Interviews were conducted with 9 current and 10 bereaved carers at which point data saturation was reached (see Fig. 1). Interviews ranged in length from 35 minutes to 85 minutes (median 65 minutes). The carers' characteristics are listed in Table 1. The carers' and bereaved carers' experiences and ideas around COPD are best understood as a dynamic of change, recognition, and adaptation. Carers faced many changes which paralleled the deterioration of the patients' conditions. These changes had a direct impact upon the carers in terms of the caring tasks required, their relationships, and their expectations of their own lives. Examples of these changes included needing to spend increased time at home with the patient; fewer outside social contacts; and assisting with showering, dressing, even toileting. The carers generally recognized that these changes had occurred and sought to adapt to them, incorporating new approaches or new ways of thinking, and in most cases continued caring. It appeared that the recognition of change and its enduring nature was necessary in order that adaptation may take place. Within this theme of change, recognition, and adaptation were a series of subthemes: (1) the impact of caring, (2) recognizing the role of the carer, and (3) the needs of carers in order to continue caring including their needs of palliative care (see Table 2).

FIG. 1.

Study sample.

Table 1.

Characteristics of Interviewees

	Current carers (n=9)	Bereaved carers (n=10)
Female	5	5
Mean age (range)	68 (28–79) years	73 (52–83) years
Australian born	6	7
Completed school	8	7
Postschool qualification	5	4
Relationship to patient
- Spouse/partner	7	8
- Offspring	2	1
- Other relative	-	1
Length of time caring	4–144 months	18–96 months
Referral to palliative care services	0	1

Table 2.

Summary of Results

Change, recognition, and adaptation	The personal impact of being a carer	- Long-term task
		- Evolution of caring tasks
		- Increasing onerousness and intimacy of tasks of caring, increasing time required for caring
		- Exhaustion
		- Changes in relationship with the person suffering COPD
		- Reduction of social life and activities outside caring relationship
	Recognizing the role of the carer	- Role developed by default
		- All understood role in performing practical tasks, some recognized other tasks undertaken as well, such as advocate
		- Role as keeper of information
		- Role assisting with medical and treatment decisions by some
		- Some embraced the caring role and found it a source of pride
	The needs of carers in order to continue caring	- Many detailed practical solutions and equipment that would facilitate caring tasks
		- Information was seen as facilitating caring : information about disease, treatment, expectations, prognosis, care planning
		- Information required by carers differed from that required by patients
		- Term palliative care not familiar to most, but components of the approach seen as valuable
		- Differing views of palliative care according to carer status: bereaved carers welcomed all components of palliative care, current carers felt information and open communication most valuable

The personal impact of being a carer

Both current and bereaved carers described how their role had evolved gradually. They had begun doing small tasks such as driving to appointments, but over time the tasks became progressively and inexorably more time consuming, onerous, and intimate in nature. This evolution occurred over many years. Coupled with this increase of time and energy devoted to caring, a series of social changes occurred for the carers. These were changes in the nature of the relationship with the patient who at times became irritable and demanding, and also in the carers' relationships outside the household, since the carer had less time to pursue interests outside the house. These social changes appeared to be related to the degree of the patient's dependency and the length of time caring had been required.
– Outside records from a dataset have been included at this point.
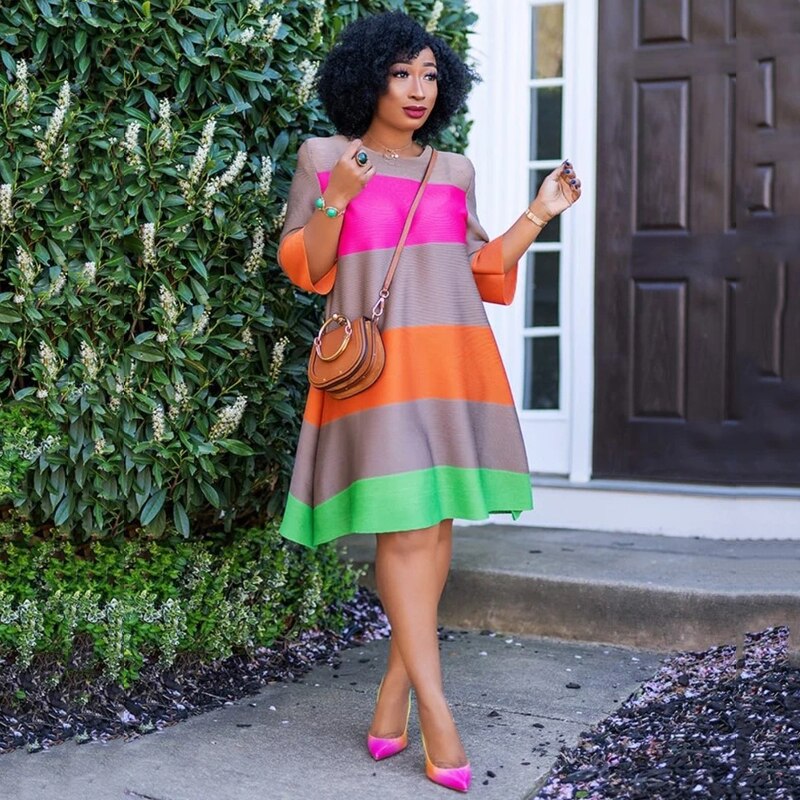 African Striped Dress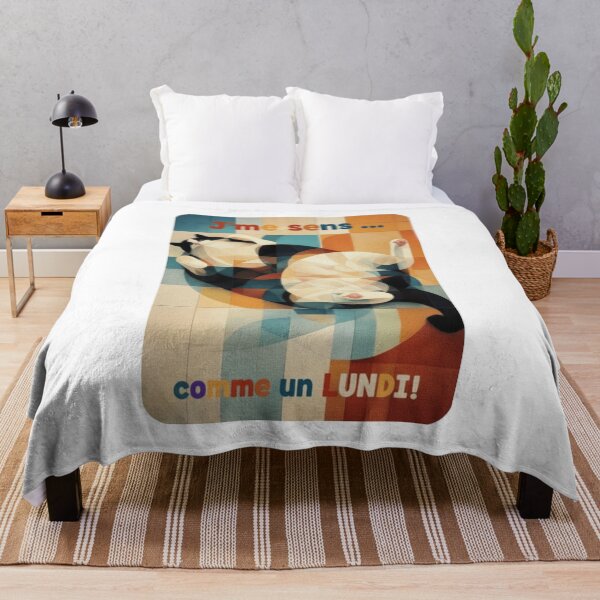 Item preview, Lazy Geometric Cat "I Feel Like a Monday" Funny Art designed and sold by JonathanP514.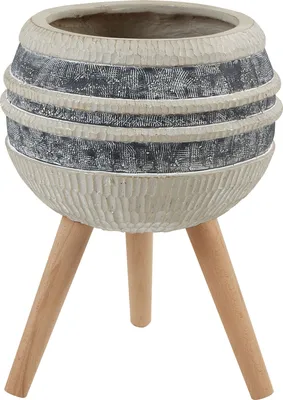 Imagen del producto de Macetas grises claras de 38x38x28 cm, hechas de óxido de magnesio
It got to the stage where I would have to get her out of bed, take her to the toilet…and I hated doing that.…I'd never thought I'd be…doing anything like that. (Bereaved Carer 10=BC#10)
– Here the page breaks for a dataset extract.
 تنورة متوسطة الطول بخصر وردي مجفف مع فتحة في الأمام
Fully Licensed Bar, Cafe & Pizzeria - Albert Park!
I used to embroider, I used to do family trees…but that has fallen absolutely apart.…At night I have been so tired I could hardly read the paper. (C#9)

You know I want to listen to the radio but he doesn't. I haven't got a life. It's not my life. It's living for him really. (C#4)

The responses of the carers to these changes were ambiguous and complex. The carers reported honoring the patients' endeavours to maintain independence, but were mindful that this often had a negative impact upon their own lives and their capacity to care. They juggled competing emotions of loyalty, resentment, guilt, and exhaustion.

It is very frustrating, and you know I don't know if the government realizes how hard it is for carers.…It's a full-time job. It's work isn't it? It's not something you do because you like it. I mean I care for my Dad, I love him and I want to look after him, but I also need my own time. (C#4)

Recognizing the role of the carer

The role of carer developed by default as the progressive changes and increasing disability occurred for the patient. Carers described a lack of choice, even for some, a lack of awareness, until they suddenly realized they were fulfilling a significant caring role. In addition to providing daily physical assistance to the patient, some carers described being the ‘keeper’ of the patient's medical history, being an advocate for the patient particularly at times of acute illness, and being the main decision maker particularly around when to go to hospital for an acute exacerbation. For some, recognizing and embracing these roles was a source of pride.

They ask her questions and she's struggling for breath, and she doesn't remember dates and…I do. (C#2)

I said she's not improving much, doctor.…She had the bipap here before when she was about this stage and the nurse said, Yeah that might be a good idea, and the doctor put the bipap on.…You feel as if you're interfering but you know you've got an opinion, give it. (C#2)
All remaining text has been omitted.